Zonal Isolation for Cadence Workflows
At Uber, we want to achieve regional resilience such that losing a zone within a region can be tolerated without requiring a cross-region failover. We also want to make sure that losing a zone only affects a subset of workload, at most, rather than everything. However, in Cadence-based systems, the workload in a region is distributed randomly across all workers in the region at a “task-level granularity”, which means a workflow may be worked on by any worker in the region where the domain is active. To achieve this goal, we introduced Zonal Isolation for Cadence Workflows - a feature designed to pin workflows to the zone they are started in, so that zonal isolation can be achieved at a workflow-level.

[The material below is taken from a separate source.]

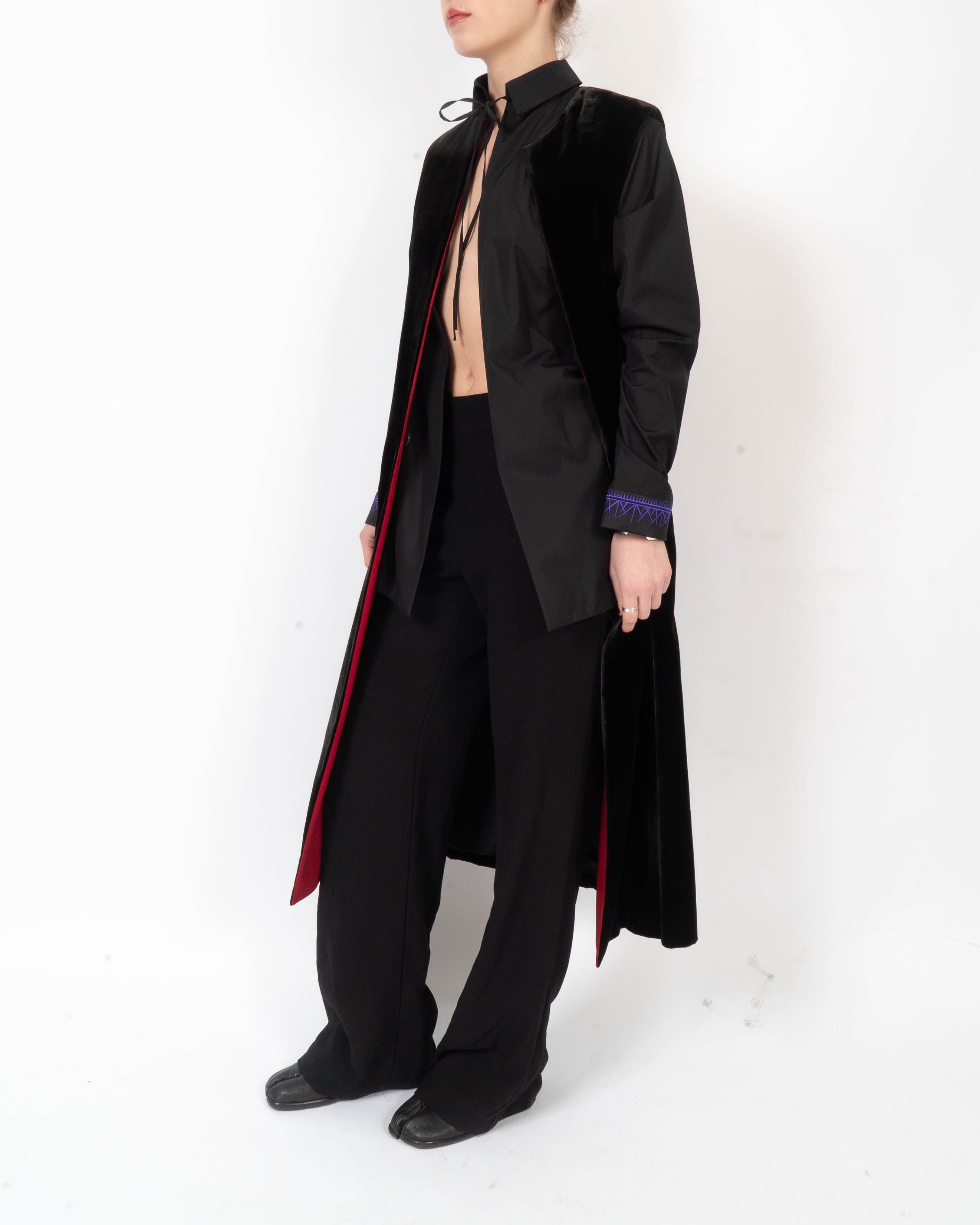 SS18 Sleevless Long-Coat in Black Velvet with Red Contrasting Silk Lining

What is Zonal Isolation for Cadence Workflows?
At high-level, Zonal Isolation for Cadence Workflows can be thought in 2 levels:
- Task-level isolation: All decision tasks and activity tasks of a workflow are only processed by workers from the zone where the workflow was started
- Infrastructure-level isolation: Within a regional Cadence cluster, workflows are handled by server instances in the same zone where they were started, and the corresponding data is stored in that zone as well.
Infrastructure-level isolation is quite challenging to implement as it requires significant changes to the core design of the Cadence server. Due to the complexity involved, support for this feature is not planned for the foreseeable future.
As a result, the focus remains on achieving task-level zonal isolation outside the Cadence server, which offers a more practical and immediate way to improve system resilience. It provides the capability of ensuring that an unhealthy zone (i.e. bad deployment of workers) only affect a subset of workflows (started from a certain zone) rather than every workflow in a Cadence domain.